Counting Rectangles

题面翻译

分别给定 $n$ 个正整数 $h_i,w_i$ ，有 $q$ 次询问。

对于每次询问，输入四个整数 $h_s,w_s,h_b,w_b$ ，输出满足 $h_i \in (h_s,h_b)$ , $w_i\in(w_s,w_b)$ 的 $\sum h_i \cdot w_i$

输入格式

The first line of the input contains an integer $t$ ( $1 \leq t \leq 100$ ) — the number of test cases.

The first line of each test case two integers $n, q$ ( $1 \leq n \leq 10^5$ ; $1 \leq q \leq 10^5$ ) — the number of rectangles you own and the number of queries.

Then $n$ lines follow, each containing two integers $h_i, w_i$ ( $1 \leq h_i, w_i \leq 1000$ ) — the height and width of the $i$ -th rectangle.

Then $q$ lines follow, each containing four integers $h_s, w_s, h_b, w_b$ ( $1 \leq h_s < h_b,\ w_s < w_b \leq 1000$ ) — the description of each query.

The sum of $q$ over all test cases does not exceed $10^5$ , and the sum of $n$ over all test cases does not exceed $10^5$ .

输出格式

For each test case, output $q$ lines, the $i$ -th line containing the answer to the $i$ -th query.

样例 #1

样例输入 #1

3
2 1
2 3
3 2
1 1 3 4
5 5
1 1
2 2
3 3
4 4
5 5
3 3 6 6
2 1 4 5
1 1 2 10
1 1 100 100
1 1 3 3
3 1
999 999
999 999
999 998
1 1 1000 1000

样例输出 #1

提示

In the first test case, there is only one query.
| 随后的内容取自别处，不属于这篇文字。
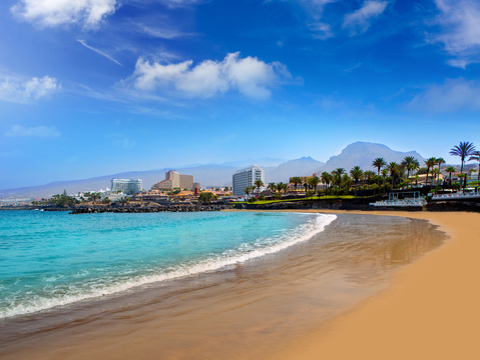 #Tenerife 🇪🇸 #CarHire SAVERS
➡️ from £47 per/week
🚘 cutt.ly/Ow5Pthd6
One Stop for all your Travel
FORCESCARHIRE.COM
#discount #discountcarhire #holidays #holidaycarhire #carrental #travel #holiday #businesstravel #forces #expat #veterans #forcescarhire #MHHSBD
We need to find the sum of areas of all rectangles that can fit a $1 \times 1$ rectangle inside of it and fit into a $3 \times 4$ rectangle.

Only the $2 \times 3$ rectangle works, because $1 < 2$ (comparing heights) and $1 < 3$ (comparing widths), so the $1 \times 1$ rectangle fits inside, and $2 < 3$ (comparing heights) and $3 < 4$ (comparing widths), so it fits inside the $3 \times 4$ rectangle. The $3 \times 2$ rectangle is too tall to fit in a $3 \times 4$ rectangle. The total area is $2 \cdot 3 = 6$ .

分析

我开始又在想二分，蚌埠住了，后来发现不是单调性，没法二分，然后我就不会做了，~~你怎么这么快啊~~，于是发现这其实是一个二维前缀和的板子，没法再简单了，就当是复习一下二维前缀和吧。。。这里要注意要把输入的前区间 $++$ ,后区间 $--$ 。因为是开区间，欧了就。。。

代码

#include <bits/stdc++.h>

#define ll long long
#define x first
#define y second

using namespace std;
const int N=1010;
ll s[N][N];
int n,q;
void solve(){
	cin>>n>>q;
	memset(s,0,sizeof s);
	for(int i=1;i<=n;i++){
		ll h,w;
		cin>>h>>w;
		s[h][w]+=h*w;
	}
	for(int i=1;i<=1000;i++){
		for(int j=1;j<=1000;j++){
			s[i][j]+=s[i-1][j]+s[i][j-1]-s[i-1][j-1]; 
		} 
	}
	while(q--){
		int l1,r1,l2,r2;
		cin>>l1>>r1>>l2>>r2;
		l1++;r1++;l2--;r2--; 
		cout<<s[l2][r2]-s[l1-1][r2]-s[l2][r1-1]+s[l1-1][r1-1]<<"\n";
	}
//	while(q--){
//		int l1,r1,l2,r2;
//		cin>>l1>>r1>>l2>>r2;
//		l1++;r1++;l2--;r2--;
//		cout<<s[l1][r2]-s[l1-1][r2]-s[l2][r1-1]+s[l1-1][r1-1]<<"\n";
//	}
}
int main(){
	ios::sync_with_stdio(false);
	cin.tie(nullptr);
	cout.tie(nullptr);
	int t;
	cin>>t;
	while(t--){
		solve();
		
	}
	return 0;
}

CF1722E Counting Rectangles(div4)